# CP Performance Comparisons on Different Size of Data

## Experiment Setup
+ CP performance: measured by the **coverage rate** and the **average size of prediction intervals**
+ Dataset: CIFAR-100
+ Comparison candidates: different combinations of 4 score functions (`THR`, `APS`, `SAPS(0.2)`, `RAPS(1,0)`) and 3 predictors (`SplitPredictor`, `ClusterPredictor`, `ClassWisePredictor`).
+ Size variation: sample 10 subsets with 10 classes, 20 classes, ..., 100 classes from CIFAR-100 respectively, then conduct CP on each of these data subsets.

In [109]:
import torch
import torch.nn as nn
import torch.optim as optim
from torchvision import datasets, transforms, models
from torchvision.datasets import CIFAR100
from tqdm import tqdm  # Import tqdm for the progress bar

# Define the transformation for the data
transform = transforms.Compose([
    transforms.Resize((224, 224)),  # VGG16 expects 224x224 input size
    transforms.ToTensor(),
])

# Download and load the CIFAR-100 dataset
cifar100_trainset = CIFAR100(root='./data', train=True, transform=transform, download=True)
cifar100_testset = CIFAR100(root='./data', train=False, transform=transform, download=True)
# device = torch.device("cuda:0" if torch.cuda.is_available() else "cpu")
device = torch.device("cpu")

Files already downloaded and verified
Files already downloaded and verified


In [110]:
# Re-map the class labels to fit the input format of the loss function 
class RemapCIFAR100(torch.utils.data.Dataset):
    def __init__(self, root, train=True, selected_classes=None, transform=None, target_transform=None, download=False):
        self.cifar100 = datasets.CIFAR100(root, train=train, transform=None, target_transform=None, download=download)
        
        if selected_classes is None:
            selected_classes = list(range(10))  # Default: classes 0 to 9
        
        self.selected_classes = selected_classes
        self.class_mapping = {class_id: idx for idx, class_id in enumerate(selected_classes)}
        self.transform = transform
        self.target_transform = target_transform

        # Remap labels during initialization
        self.data, self.targets = self.remap_labels(self.cifar100.data, self.cifar100.targets)

    def remap_labels(self, data, targets):
        remapped_targets = [self.class_mapping[target] for target in targets if target in self.selected_classes]
        remapped_data = [data[i] for i, target in enumerate(targets) if target in self.selected_classes]

        return remapped_data, remapped_targets

    def __getitem__(self, index):
        img, target = self.data[index], self.targets[index]

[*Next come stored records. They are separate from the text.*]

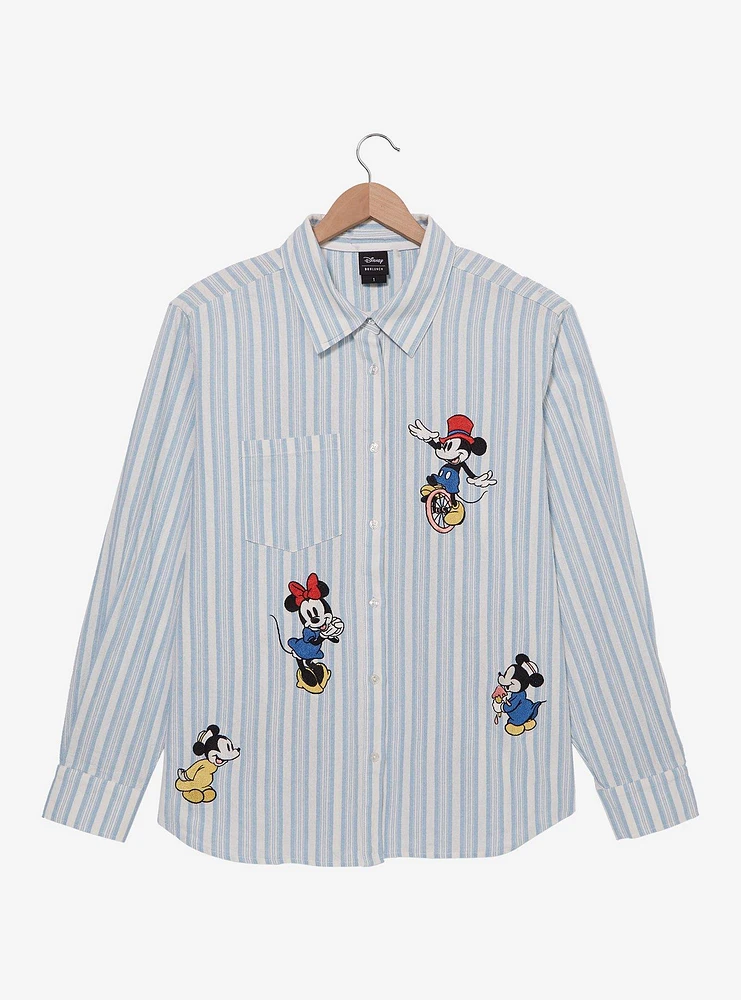 Disney Mickey and Friends Fair Women's Plus Long Sleeve Button-Up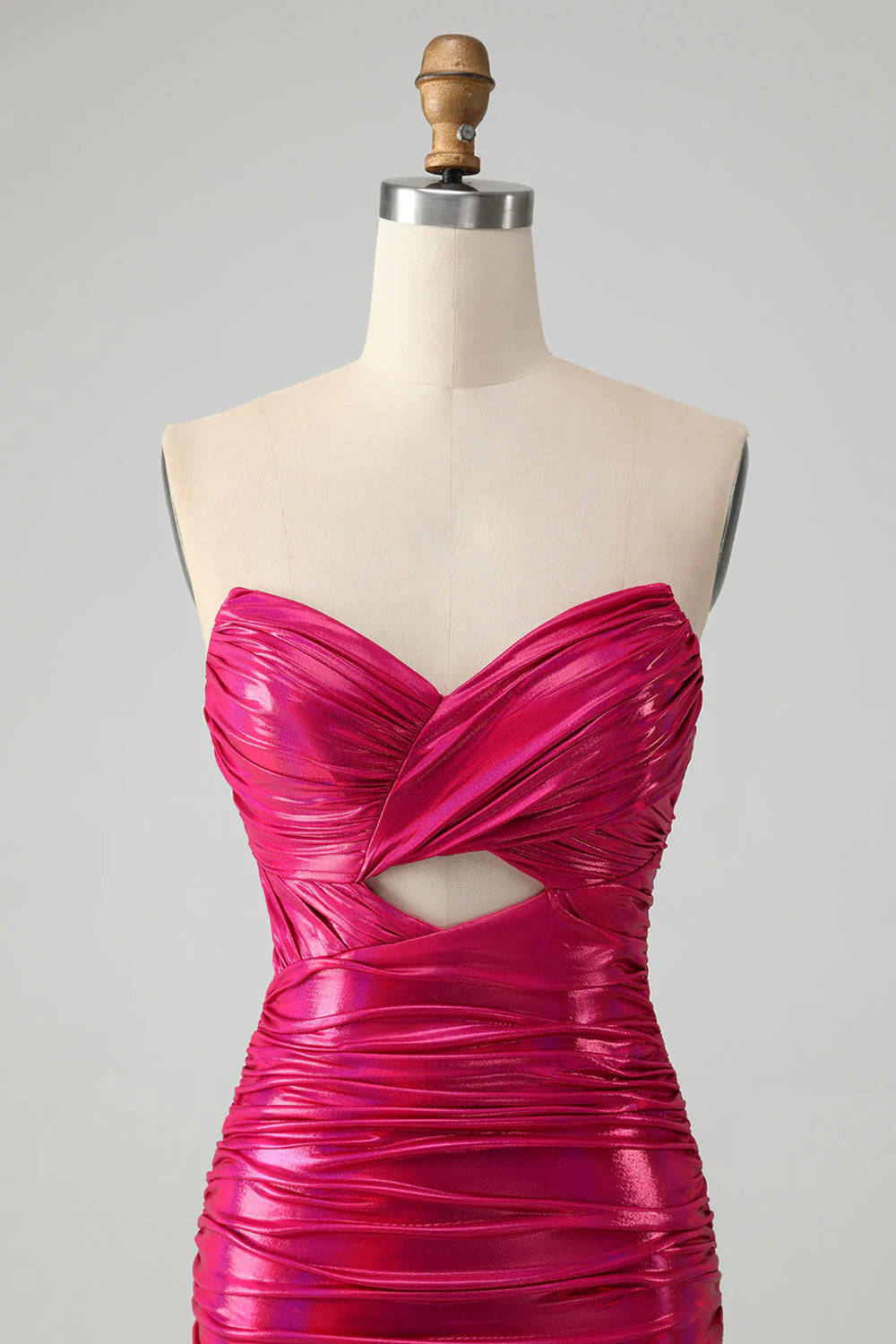 Strapless Keyhole Pleated Fuchsia Tight Metallic Homecoming Dress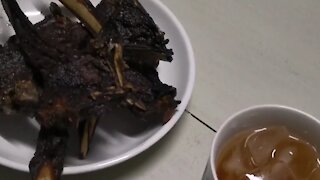 Delicious mutton on charcoal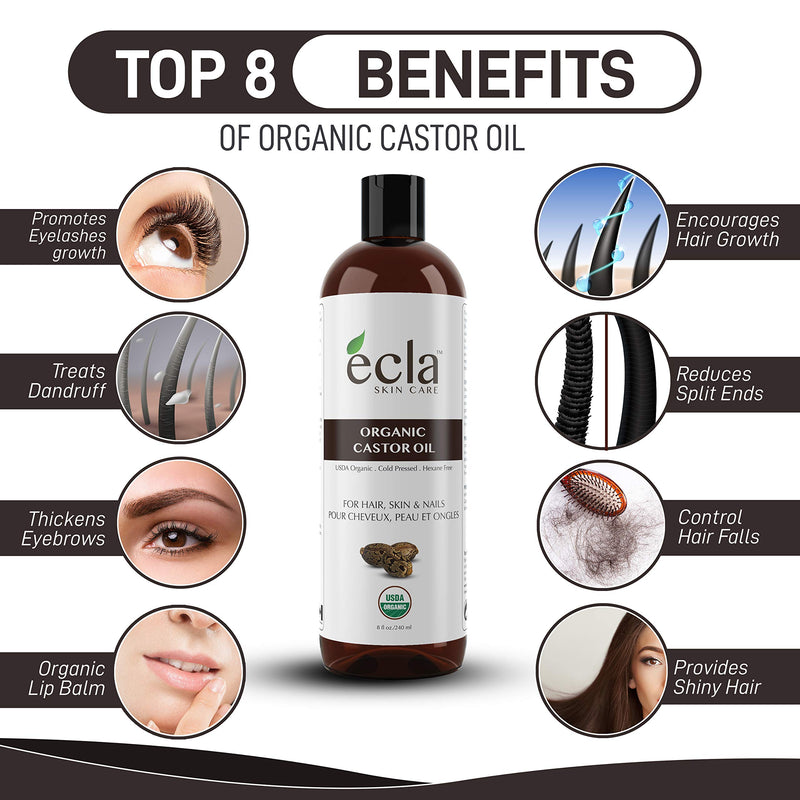 [Australia] - Castor Oil Organic Cold Pressed - Best Hair, Beard, Eyelash and Eyebrow Growth Oil 100% Pure Certified ( Made in Canada) 240ml - 8 Oz for Eyelashes and Eyebrows. Comes with E-Book 
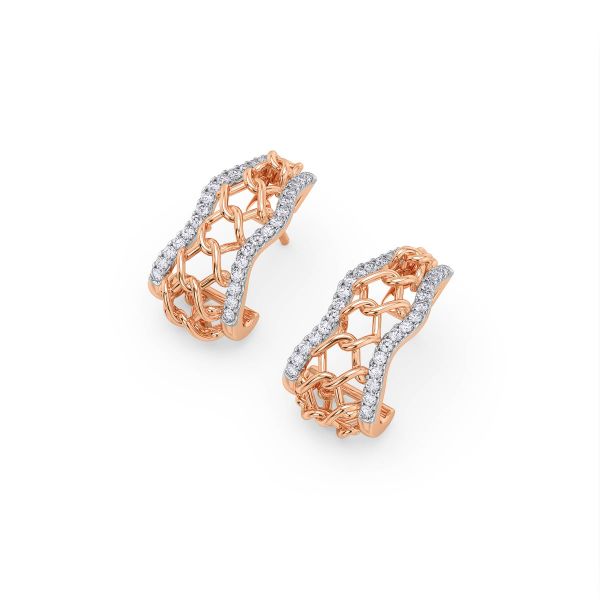 Sia Latticework Diamond Stud Earrings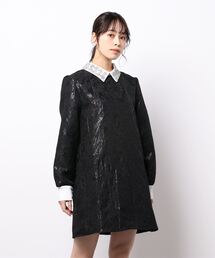 【sister jane】リボン刺繍レース襟 ジャガード ミニワンピース sister jane リボン刺繍 ジャカード レース襟ミニワンピース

        if self.transform is not None:
            img = self.transform(img)

        if self.target_transform is not None:
            target = self.target_transform(target)

        return img, target

    def __len__(self):
        return len(self.data)


## Build the Subsets Sequence

In [111]:
import random

def gen_subset_sequence(seed = 820):
    random.seed(seed)
    indices = list(range(100))
    random.shuffle(indices)

    subsets = []
    for i in range(10):
        selected_classes = indices[:10*(i+1)]
        # Example usage:

        train_dataset = RemapCIFAR100(root='./data', train=True, selected_classes=selected_classes, transform=transforms.ToTensor(), download=True)
        test_dataset = RemapCIFAR100(root='./data', train=False, selected_classes=selected_classes, transform=transforms.ToTensor(), download=True)

        train_loader = torch.utils.data.DataLoader(train_dataset, batch_size=64, shuffle=True)
        test_loader = torch.utils.data.DataLoader(test_dataset, batch_size=64, shuffle=False)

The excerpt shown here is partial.